A-2313-01T3 (N.J. Super. App. Div. 2003) (Unpublished)

CONDEMNATION—Where there is doubt that a property owner got proper notice, and where there should have been no rush for a municipality to demolish a violation plagued structure, the municipality may not be entitled to recover its demolition costs.

A property owner sued a municipality for damages resulting from the municipality’s demolition of a house he owned. The municipality moved for summary judgment. It claimed that the owner received proper notice of an order that required him to either repair the house or it would be demolished. It also claimed that the owner received notice that he was in default of the order, thereby permitting the municipality to knock the house down. The lower court agreed and dismissed the complaint. The Appellate Division reversed, finding several material issues of fact in dispute. First, it was not clear if the municipality provided the owner with proper notice of the order requiring him to fix the house or face demolition. A statute requires the notice to be given personally or by certified mail. In the event the owner could not be served after reasonable efforts, the municipality could publish notice of the order in a newspaper and file a copy of the order with the county clerk’s office. Here, the municipality attempted to serve the owner by certified mail, and when it came back unclaimed, the municipality published the notice in the newspaper. Nonetheless, it failed to file the order. The Court also was disturbed by the fact that the municipality did not demonstrate that it made reasonable efforts to serve the owner personally before publishing the notice. It noted that the owner was a teacher in the area, owned the property for many years, and met with municipal officials several weeks earlier. It was not clear that the municipality, with diligent efforts, could not have served him personally. The Court also questioned whether the municipality satisfied the notice requirement because the affidavit submitted in support of publication was filed after the fact.

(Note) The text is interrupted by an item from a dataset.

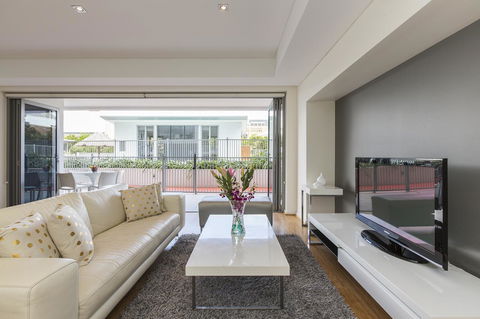 Gallery Serviced Apartments - Accommodation QLD 18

The Appellate Division was unclear whether the lack of recording of the order rendered the notice invalid. As to the order itself, the Court found that there was a substantial issue of material fact as to “when” the municipality was entitled to demolish the house. The municipality’s order required work to be completed in stages: removal of the weeds within two weeks, removal of debris within thirty days, replacement of the windows and doors within sixty days, and completion of the balance of the repairs within ninety days. The order also stated that if the owner failed to adhere to the schedule and the default continued for thirty days, the municipality could demolish the house at the owner’s expense. The municipality elected to demolish the property thirty days after the owner failed to complete the first stage by removing the weeds. The owner claimed that he had one hundred twenty days from the date of the order (thirty days after the expiration of the ninety day completion deadline) before it could be demolished. Further, the Court noted that, in a letter from the municipality to the owner, the municipality’s attorney spoke in terms of remediation and not in terms of demolition. This left the owner believing that the building would not be demolished. Lastly, the Court was disturbed by the municipality’s rush to demolish the house. The house had been dilapidated for ten years. It was a chronic problem, but there was no health or safety emergency requiring immediate demolition. Consequently, the owner could reasonably have believed that there was no rush for the municipality to tear down the house.